Le Front national le sait : pour l'élection présidentielle, tout l'enjeu du parti, s'il veut réussir à vaincre le "plafond de verre" qui semble le condamner à la défaite même lorsqu'il sort en tête au premier tour d'un scrutin, est d'élargir son électorat. D'où les efforts de Marine Le Pen pour rassurer les seniors d'un côté, attirer le vote féminin de l'autre. Mais le FN a également décidé de séduire les banlieues. Le collectif frontiste "Banlieue patriote" a ainsi développé un concept d'émission pour aborder les thèmes chers à ces électeurs potentiels.
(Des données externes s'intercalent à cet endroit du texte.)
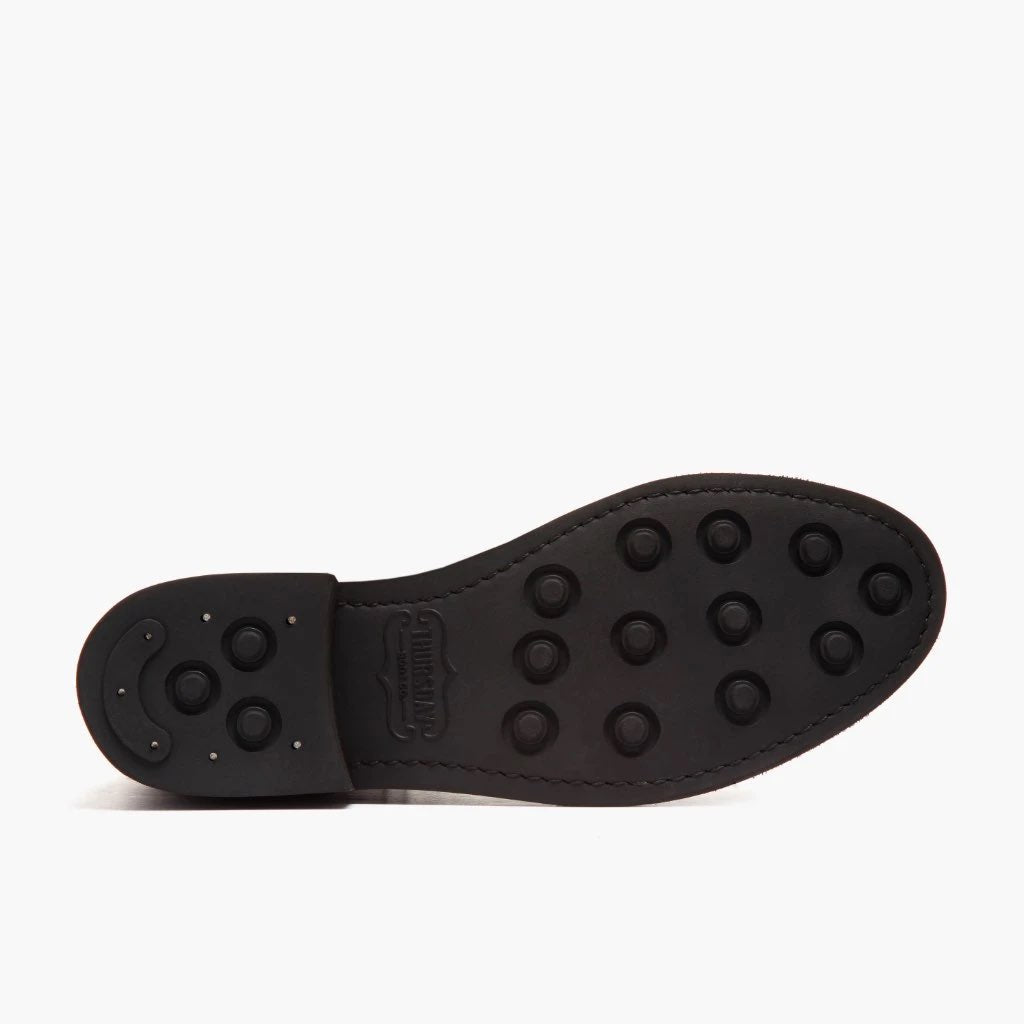 High-Traction Rubber Outsole & Lug Tread Pattern on Duchess Черный Coffee Кожаные ботинки для Женщин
"Des verrous à faire sauter". Intitulé "Nos quartiers la France" et destiné à être diffusée sur Internet, ce programme invite tous les mois une personnalité à s'exprimer sur des sujets variés. Et pour la première édition, "Banlieue patriote" a choisi de planter le décor dans un café chaleureux, au cœur d'un quartier populaire parisien. En attendant de pouvoir le faire au-delà du périphérique, une fois que le FN aura prouvé qu'il y a toute sa place. "Dans ces banlieues, il y a des gens qui sont parfaitement enclins à voter pour le Front national et pour Marine Le Pen à l'élection présidentielle", assure Jordan Bardella, présentateur de l'émission et président du collectif "Banlieue patriote". "Il y a peut-être des verrous à faire lever et c'est notre rôle de faire de la pédagogie."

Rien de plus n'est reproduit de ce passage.